Data excerpts

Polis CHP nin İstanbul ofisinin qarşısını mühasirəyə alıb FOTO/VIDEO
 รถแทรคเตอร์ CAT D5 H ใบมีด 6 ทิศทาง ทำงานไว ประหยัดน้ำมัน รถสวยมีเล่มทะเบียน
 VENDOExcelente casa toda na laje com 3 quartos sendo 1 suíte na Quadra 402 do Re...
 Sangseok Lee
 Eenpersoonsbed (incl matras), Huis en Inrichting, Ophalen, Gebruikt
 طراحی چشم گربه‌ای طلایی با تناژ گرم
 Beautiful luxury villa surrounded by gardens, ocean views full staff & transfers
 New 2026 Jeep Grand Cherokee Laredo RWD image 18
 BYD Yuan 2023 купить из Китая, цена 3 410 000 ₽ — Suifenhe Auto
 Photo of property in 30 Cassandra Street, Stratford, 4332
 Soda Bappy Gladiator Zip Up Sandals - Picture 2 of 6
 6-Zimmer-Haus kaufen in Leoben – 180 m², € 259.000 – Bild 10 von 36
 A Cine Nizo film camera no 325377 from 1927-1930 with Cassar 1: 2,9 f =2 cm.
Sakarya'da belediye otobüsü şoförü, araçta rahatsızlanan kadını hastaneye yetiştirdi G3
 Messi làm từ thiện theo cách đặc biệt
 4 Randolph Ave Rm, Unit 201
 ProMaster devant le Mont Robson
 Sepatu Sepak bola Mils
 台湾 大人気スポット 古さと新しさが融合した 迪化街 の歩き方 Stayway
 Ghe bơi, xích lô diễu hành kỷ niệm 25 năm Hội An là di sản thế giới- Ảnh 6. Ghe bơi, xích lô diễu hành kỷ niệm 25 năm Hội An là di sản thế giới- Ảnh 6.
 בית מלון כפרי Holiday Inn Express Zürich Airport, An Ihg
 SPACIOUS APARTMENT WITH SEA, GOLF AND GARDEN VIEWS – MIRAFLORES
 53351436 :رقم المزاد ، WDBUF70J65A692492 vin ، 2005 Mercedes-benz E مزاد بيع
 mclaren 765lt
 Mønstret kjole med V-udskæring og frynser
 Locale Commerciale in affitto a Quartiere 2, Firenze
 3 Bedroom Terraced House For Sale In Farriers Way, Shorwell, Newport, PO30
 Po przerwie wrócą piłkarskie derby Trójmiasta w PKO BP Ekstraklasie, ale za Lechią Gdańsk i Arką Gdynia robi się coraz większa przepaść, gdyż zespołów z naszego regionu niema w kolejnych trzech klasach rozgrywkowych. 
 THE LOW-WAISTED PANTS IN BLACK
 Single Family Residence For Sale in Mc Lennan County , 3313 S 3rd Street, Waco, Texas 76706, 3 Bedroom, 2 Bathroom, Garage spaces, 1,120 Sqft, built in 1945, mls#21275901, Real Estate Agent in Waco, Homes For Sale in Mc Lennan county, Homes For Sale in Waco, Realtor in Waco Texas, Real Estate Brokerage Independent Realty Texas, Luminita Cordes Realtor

→ The task: With the line containing "Mønstret kjole med V-udskæring og frynser" as the first and the final line of the entries above as the last, write out that span exactly and nothing more.

→ Exercise result:
 Mønstret kjole med V-udskæring og frynser
 Locale Commerciale in affitto a Quartiere 2, Firenze
 3 Bedroom Terraced House For Sale In Farriers Way, Shorwell, Newport, PO30
 Po przerwie wrócą piłkarskie derby Trójmiasta w PKO BP Ekstraklasie, ale za Lechią Gdańsk i Arką Gdynia robi się coraz większa przepaść, gdyż zespołów z naszego regionu niema w kolejnych trzech klasach rozgrywkowych. 
 THE LOW-WAISTED PANTS IN BLACK
 Single Family Residence For Sale in Mc Lennan County , 3313 S 3rd Street, Waco, Texas 76706, 3 Bedroom, 2 Bathroom, Garage spaces, 1,120 Sqft, built in 1945, mls#21275901, Real Estate Agent in Waco, Homes For Sale in Mc Lennan county, Homes For Sale in Waco, Realtor in Waco Texas, Real Estate Brokerage Independent Realty Texas, Luminita Cordes Realtor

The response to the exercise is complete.